**EXERCISE DETAILS**
From the entries below, return exactly the lines beginning at the one that contains "Myocardial Infarction 3d" and ending at the one that contains "系统红斑狼疮跟牛皮癣区别 系统性红斑狼疮和皮肤型红斑狼疮什么区别", both of them included, and only those lines.

**RECORDS SUPPLIED**

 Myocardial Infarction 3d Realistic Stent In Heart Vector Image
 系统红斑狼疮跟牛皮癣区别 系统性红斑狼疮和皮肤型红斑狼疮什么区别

* * *

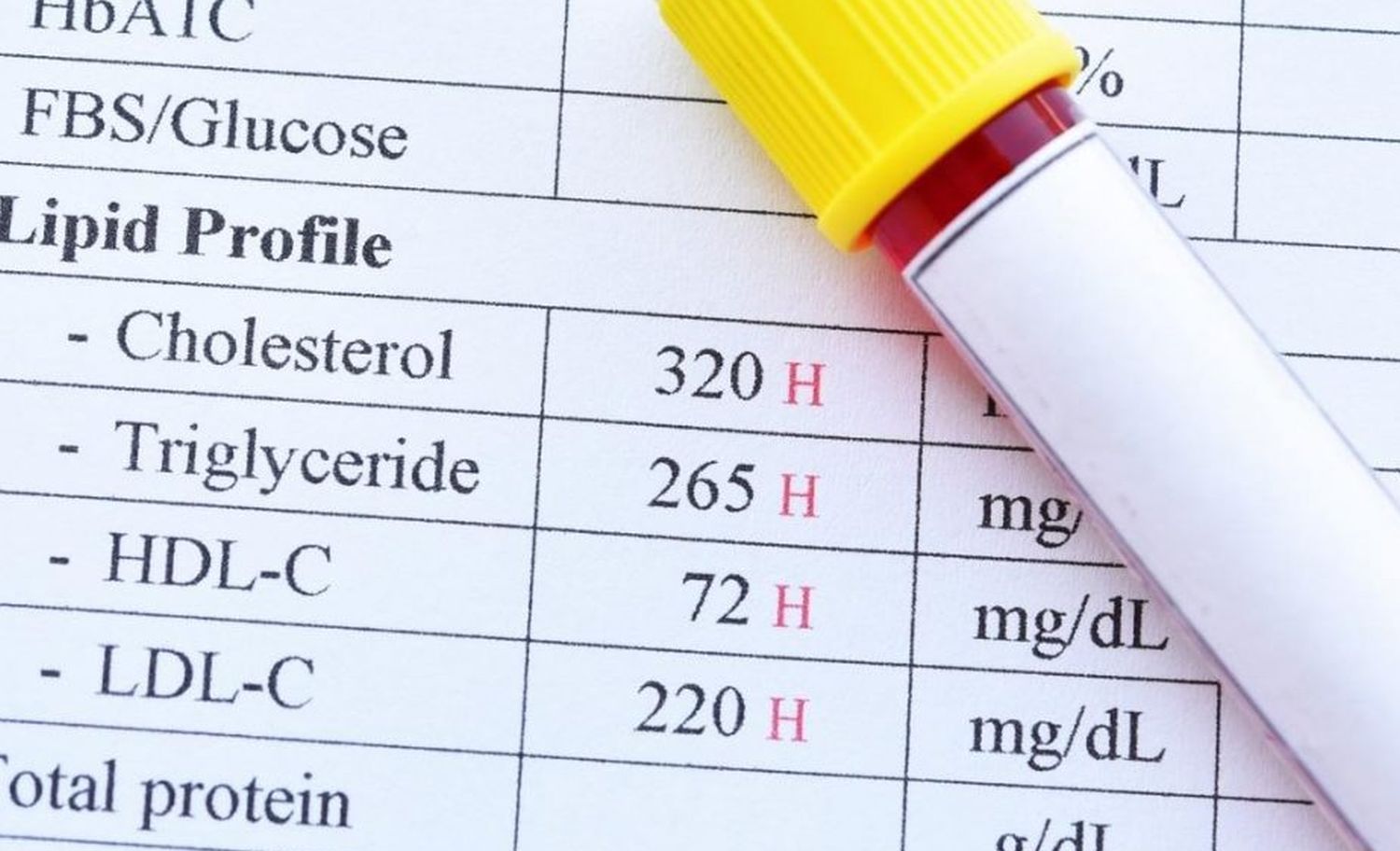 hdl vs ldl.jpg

**WRITTEN RESPONSE**
 Myocardial Infarction 3d Realistic Stent In Heart Vector Image
 系统红斑狼疮跟牛皮癣区别 系统性红斑狼疮和皮肤型红斑狼疮什么区别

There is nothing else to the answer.